YOUR ASSIGNMENT ▸ Each line of the listing below must be retyped exactly, with images left out.

DATA PROVIDED ▸
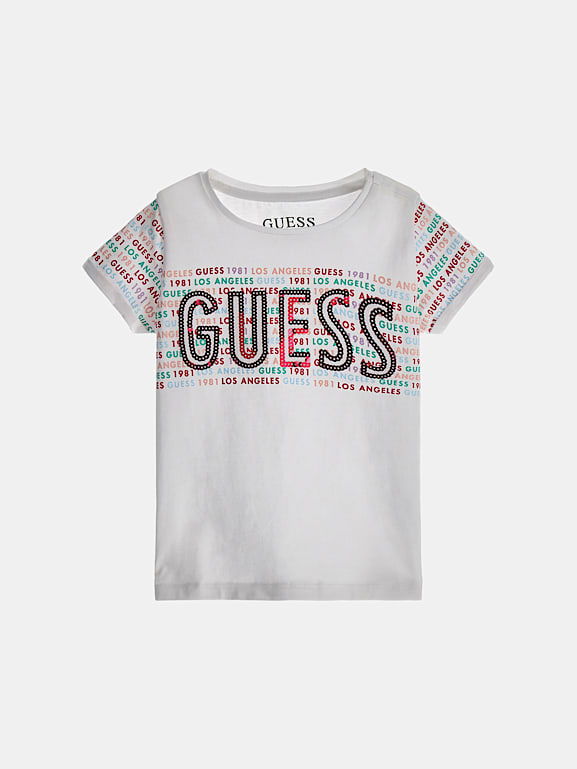 GUESS Kids T shirt con stampa logo all over Bambina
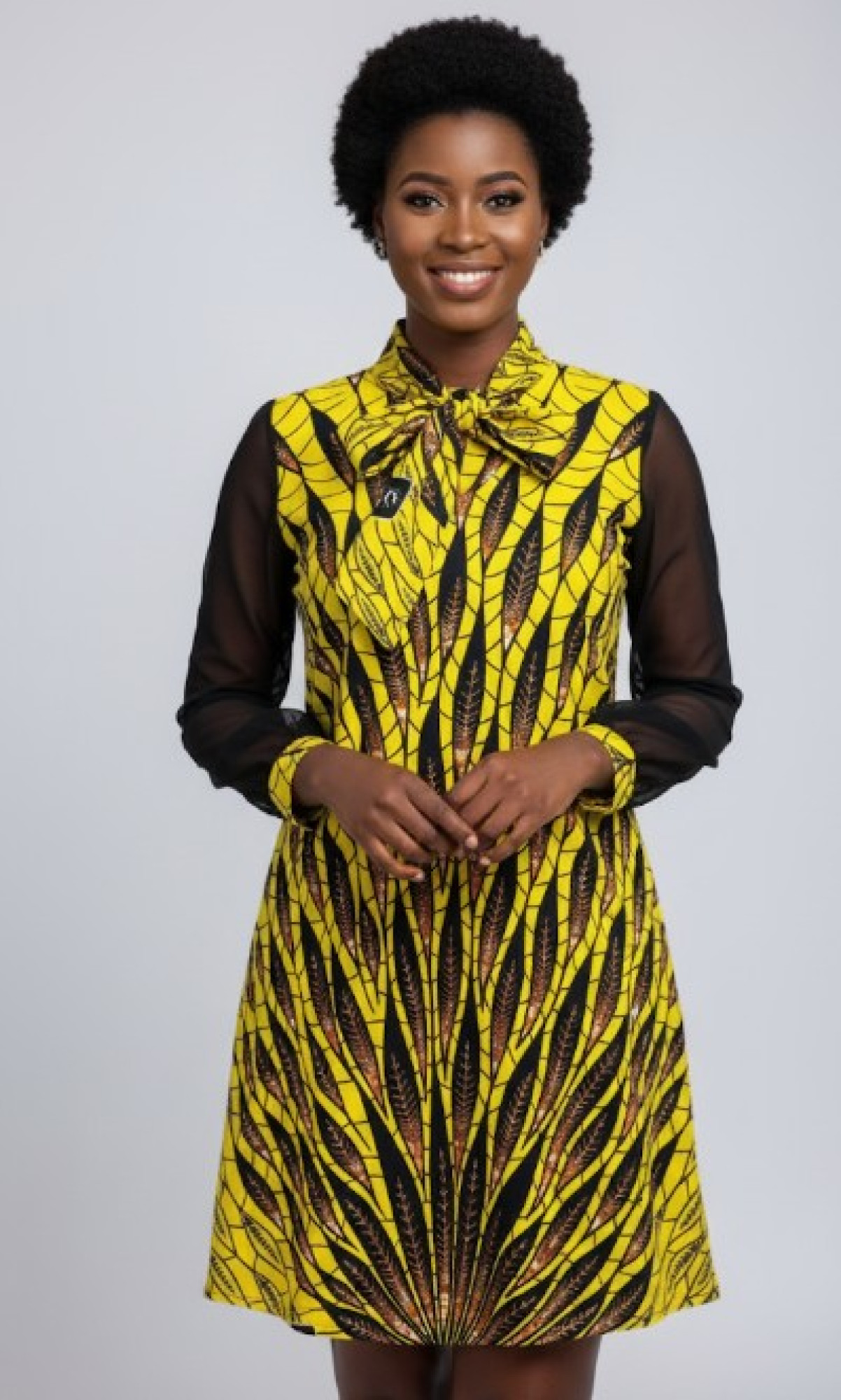  Lapel Collar Ankara Midi Dress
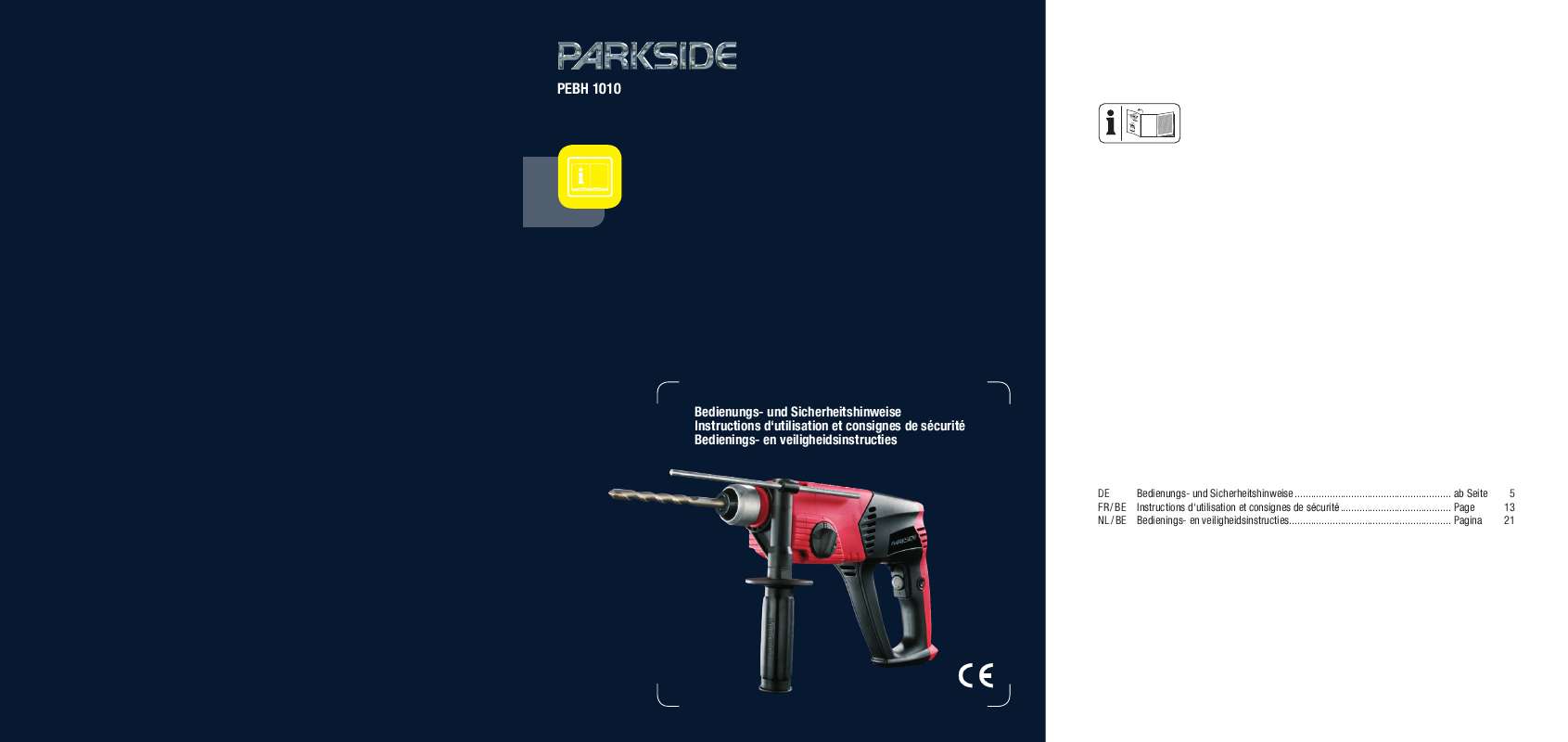 Guide utilisation  PARKSIDE KH 3162 PNEUMATIC HAMMER DRILL  de la marque PARKSIDE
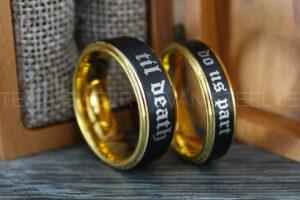 Til Death Do Us Part Rings, Til Death Do Us Part Wedding Rings, Black Wedding Bands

FINAL ANSWER ▸
 GUESS Kids T shirt con stampa logo all over Bambina
  Lapel Collar Ankara Midi Dress
 Guide utilisation  PARKSIDE KH 3162 PNEUMATIC HAMMER DRILL  de la marque PARKSIDE
 Til Death Do Us Part Rings, Til Death Do Us Part Wedding Rings, Black Wedding Bands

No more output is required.